Semarang - Mahasiswa KKN UIN Walisongo menjadi pelopor moderasi beragama. Dalam rangka memeriahkan Hari Santri Nasional 2021, KKN RDR Ke-77 Kelompok 9, 10, dan 11 berkolaborasi adakan webinar nasional dan bedah buku bertajuk 'Potret Moderasi Pesantren - Refleksi Hari Santri Memaknai Nasionalisme Dalam Bingkai Moderasi Beragama' (Selasa, 25/10/21).
Webinar ini sukses menarik ratusan peserta untuk berpartisipasi secara blanded melalui paltform Zoom Conference serta peserta yang hadir secara langsung di Aula Pondok Pesantren Darul Falah Besongo Semarang.
 Acara ini menghadirkan tokoh-tokoh hebat terkait moderasi beragama, diantaranya yaitu Prof. Dr. KH. ImamTaufiq, M.Ag., M. Badruzaman, S.Ag., Lutfi Rahman S.Th.I, M.A., Pendeta Aryanto Nugroho, serta Makmun Abha selaku Dosen Pembimbing Lapangan KKN.
Prof. Dr. KH. ImamTaufiq, M.Ag. yang berperan sebagai keynote speaker dalam webinar kali ini mengatakan bahwa 'beragama' dan 'keberagaman' di Indonesia tidak dapat dipisahkan. "Indonesia sejak dulu memiliki profile yang sudah terbiasa hidup secara moderat ditengah keberagaman yang dimilikinya. Profile tersebut dapat kita lihat dalam wujud Pesantren", tutur Pengasuh Pondok Pesantren Darul Falah Besongo Semarang tersebut.
Pernyataan diatas dibenarkan oleh M. Badruzzaman, S.Ag yang merupakan penulis buku 'Potret Moderasi Pesantren'. Dalam bukunya, Baruzzaman mengungkapkan bahwa Pesantren mengemban amanah moderasi beragama di negeri yang memiliki masyarakat dengan beragam agama, yaitu Indonesia.Â
Tradisi pesantren, lokalitas serta latar belakang akademik di Pesantren menjadi poin-poin penting yang mempengaruhi moderasi ala Pesantren.
Selanjutnya, potret moderasi beragama dikaji dengan nuansa berbeda dari segi perspektif Islam oleh Lutfi Rahman, S.Th.I, M.A. dan perspektif nasrani unitarian oleh Pendeta Arya Nugroho.

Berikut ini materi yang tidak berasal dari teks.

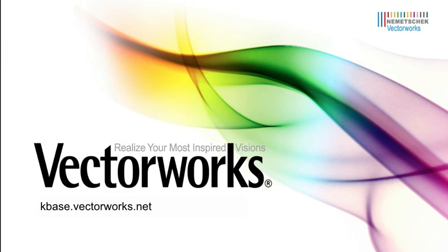Thank you for joining us, and don't forget to visit kbase.vectorworks.net for more video tech tips and other technical information. Thank you, and have a great day.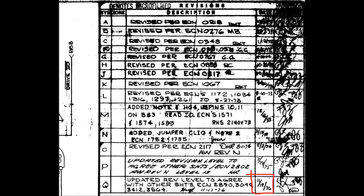Of course, Data General sued, but the case dragged on for so long that Digital Computer Controls was able to sell computers through most of the 70s.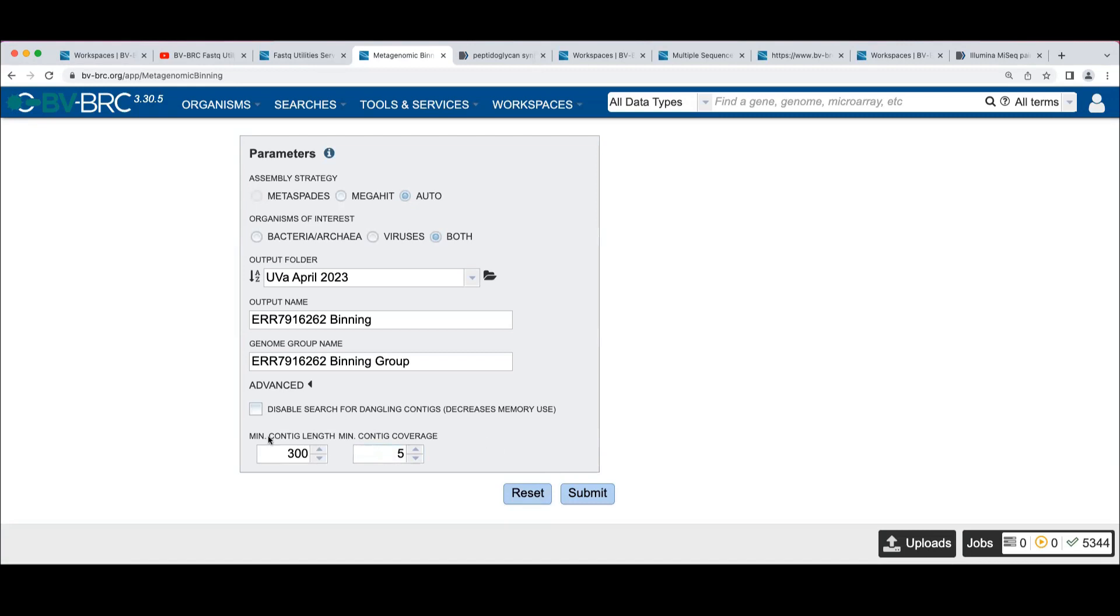So if you're interested in tinkering with that, you can change those values. But we default to pretty reasonable values here.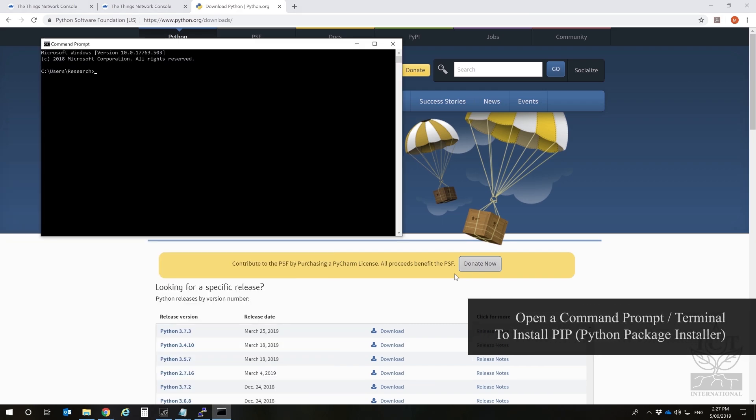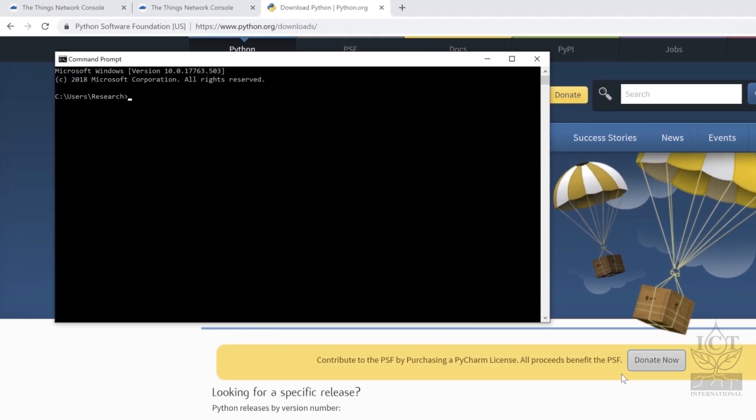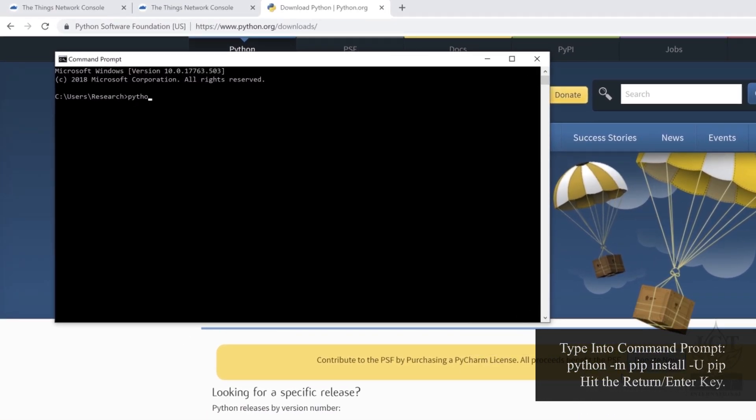After the Python install has completed, install pip, the Python package installer. This will be used to install PySerial, which is required to flash the firmware to the nodes.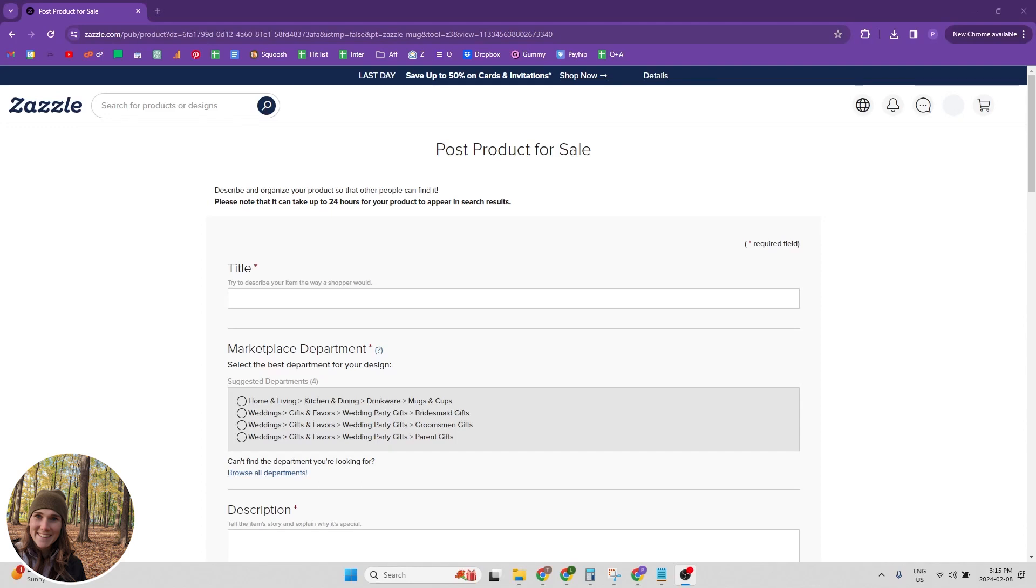Everyone, in this video we're going to be going through the post product for sale page. So if you are confused about anything that's going on on this page, stick around and I'm going to walk you through it.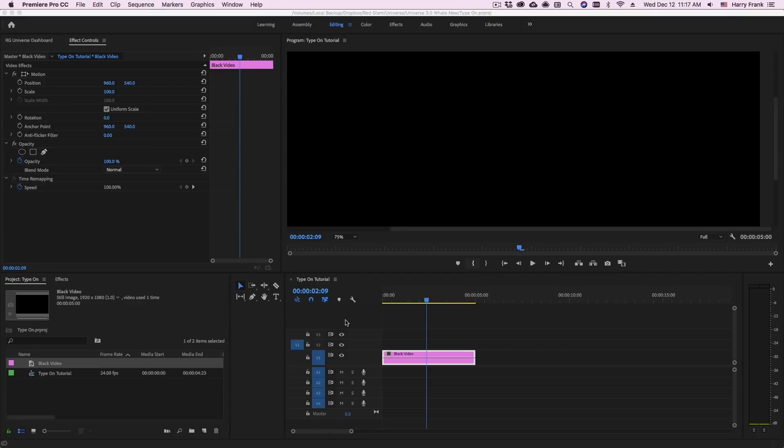Hi everyone, Harry Frank from Red Giant here. In this tutorial I'd like to walk you through Type-On from Red Giant Universe.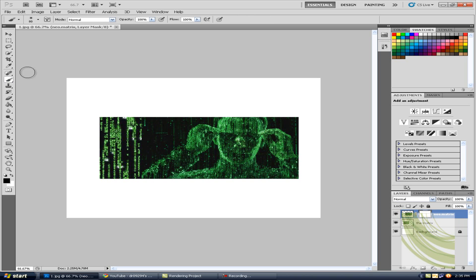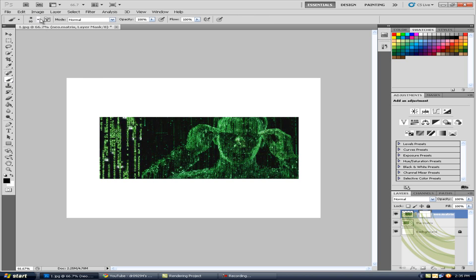Now you just want to get your brush, get a really soft brush. Depends on how much blending you want, that all depends on the size of the brush, or the size of the brush depends on how much blending you want, sorry.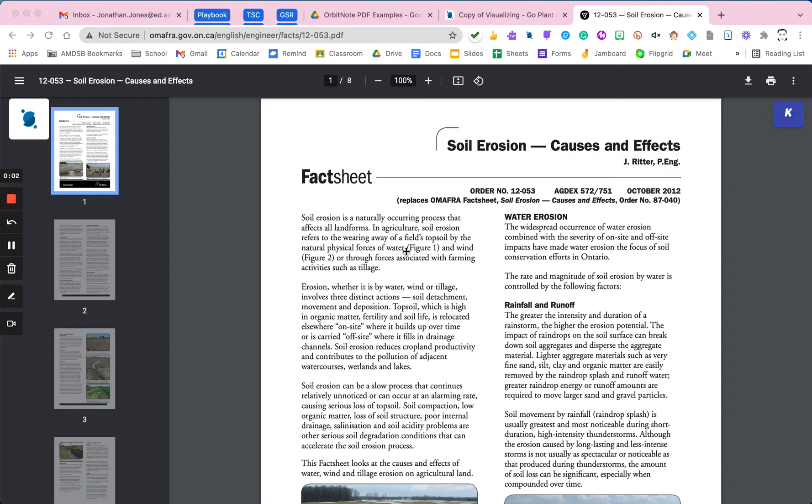In this video, we're going to look at a PDF that I found on soil erosion from the Ontario Ministry of Natural Resources.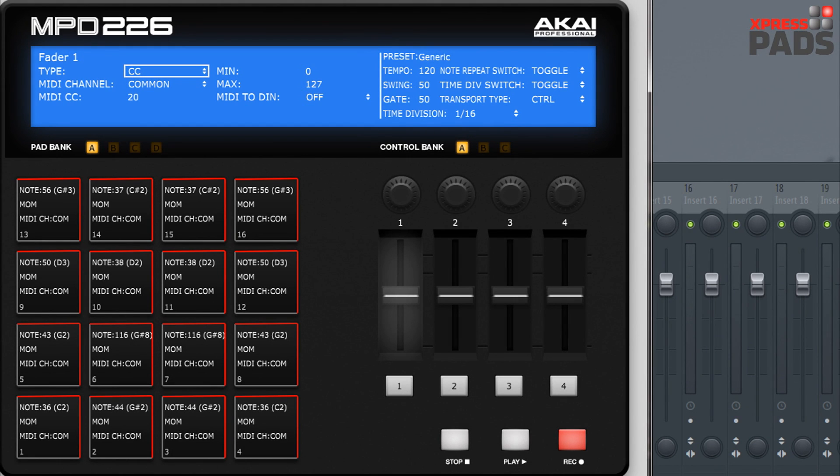Hi there, Andreas here with ExpressPads Finger Drumming. Today I'd like to explain the Akai MPD226 software editor which you can download from the Akai website.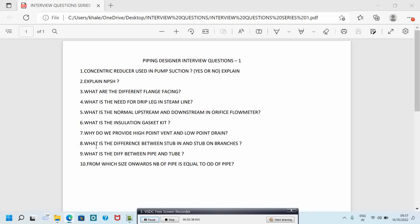The seventh question is: why do we provide high point vent and low point drain? The answer is for HPV, high point vent, for removing air during hydro test. For LPD, low point drain, for draining water after conducting hydro test.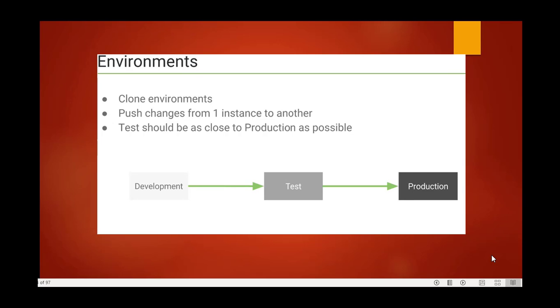When you create any catalog or incident, you first create an update set as a developer. We have three instances: development, test, and production. When we move from test to production, we use a specific process.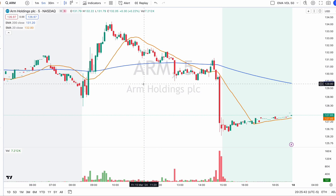Heikin-Ashi candles are different. They use open and close data from the last period, and open, high, low, close data of the current period to calculate each candle.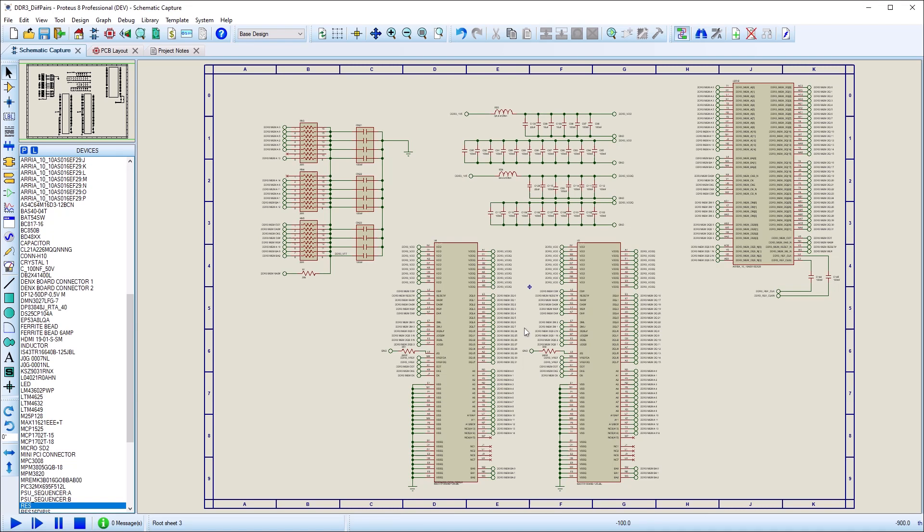This video discusses how to work with differential pairs in the Proteus Design Suite. The setup phase has two main parts.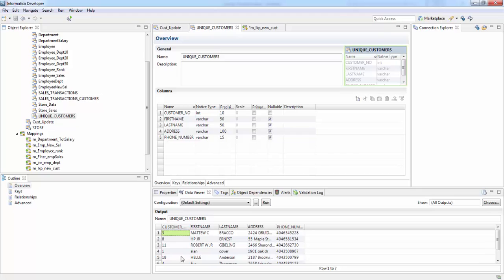For more sessions on Informatica Power Center Express, go to atozinformatica.blogspot.com.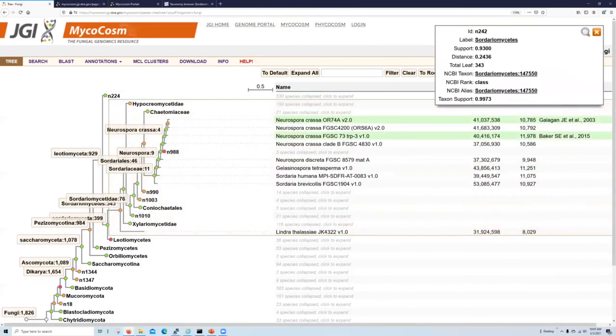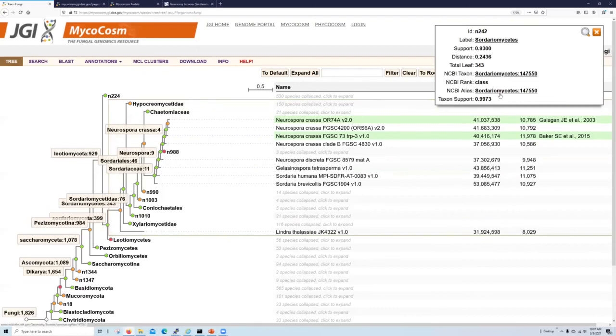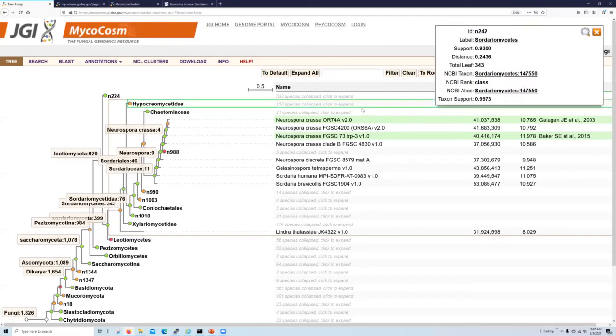So you can also notice that when you click on a node, it invokes this info button or info box at the top right-hand side of the screen. This information box will give you details on the support for that node, some details on NCBI taxonomy associated with the node, and how many lineages underneath that node agree with the NCBI's taxonomy identification.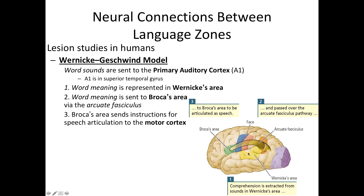Wernicke's area is in the superior temporal gyrus and Broca's area is part of the inferior frontal gyrus. Sound comprehension happens in Wernicke's area, then through the arcuate fasciculus — a white matter pathway — the information travels to Broca's area where sound production and articulation occur. So: sound comprehension in Wernicke's area, information sent via arcuate fasciculus, sound production in Broca's area.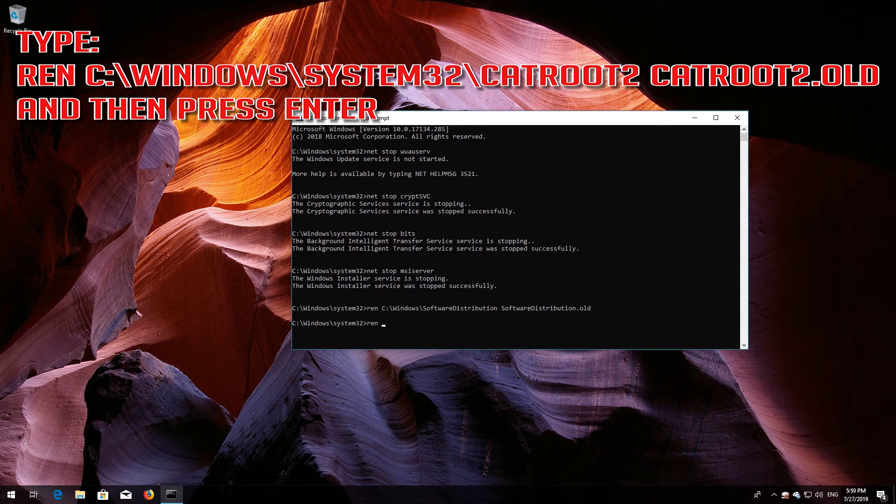Type 'ren C:\Windows\System32\catroot2 catroot2.old' and then press Enter.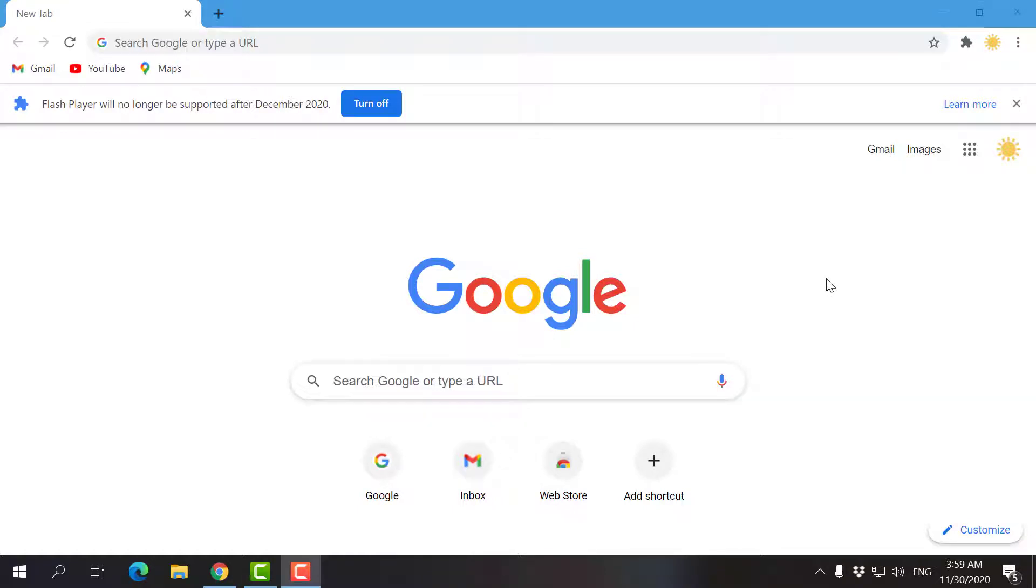Hello everyone, in this video I'm going to teach you how to have incognito mode enabled as default on your Google Chrome browser.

Sebagai pembedah buku, Lutfi Rahman S.Th.I, M.A., yang merupakan Sekretaris Rumah Moderasi Beragama UIN Walisongo menyatakan bahwa para santri bergerak dalam hal moderasi beragama itu sangat dibutuhkan.Â
Hal utama yang harus diperhatikan dan ditingkatkan oleh santri untuk menghidupkan moderasi beragama yaitu literasi media. "Pemahaman terhadap ilmu haruslah di tabayyun (klarifikasi) terlebih dahulu, demi menghindari kesalahan pemaknaan.Â
Jangan mutahamil atau ngawur ketika mengambil ilmu dari internet, ataupun sosial media", tegas Luthfi, lulusan dari Hartford Seminary, Amerika Serikat.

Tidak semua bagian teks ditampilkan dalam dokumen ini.